How to prove that if two independent variables have different densities then they are different?

Question

Suppose that we have two continuous independent random variable $X$ and $Y$ with respective densities $f_x$ and $f_y$, how can we prove that $X$ is different than $Y$.

I thought about proving it by contradiction using the definition of the probability of a random variable ( using integral equalities to prove that densities are equals therefore the absurdity ) but I didn't utilize independency there so I felt like it's wrong ( also I'm not sure if two lebesgue integrals are equals in the same interval then the functions integrated are also equals ).

Answer 1

If we have that $X \perp \!\!\! \perp Y$ then we know that $\displaystyle f_{X,Y}(x,y) = f_X(x)\cdot f_Y(y)$.

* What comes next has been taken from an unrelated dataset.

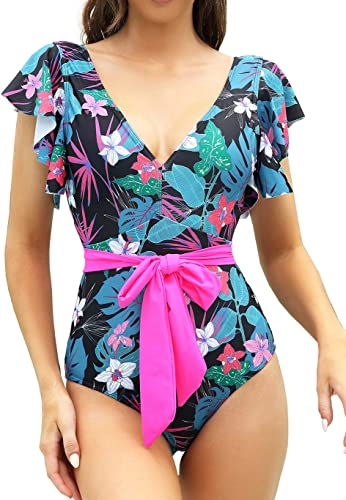 Photo 1 of Binlowis V Neck Ruffle One Piece Swimsuit Ladies Floral Print Sexy Belt Bathing Suit size large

We can either have $P(X=Y) = 0$ or $f_X \neq f_Y$ as our " measure" of them being different.

For a given $z$ we have

$P(X =z, Y =z) = P(X=z)P(Y=z) = 0 \cdot 0$.

More work is required to get that $P(X=Y)=0$. See @angryavian's answer.

Answer 2

In general, if $(X,Y)$ has joint density $f_{X,Y}$, then the probability that $(X,Y)$ lies in some subset $A \subseteq \mathbb{R}^2$ is the two-dimensional integral $$P((X,Y) \in A) = \iint_A f_{X,Y}(x,y) \, dx \, dy.$$ In this case, you do have a joint density: $f_{X,Y}(x,y) = f_X(x) \cdot f_Y(y)$. And in your case, $A = \{(x,y) : x=y\}$ is a diagonal line in the $(x,y)$-plane. The two-dimensional integral of a function over a region with no area (like a line) is zero.

[Update: I noticed you mentioned Lebesgue integrals in your question, so I am guessing you would understand that the integral over a set of measure zero is zero.]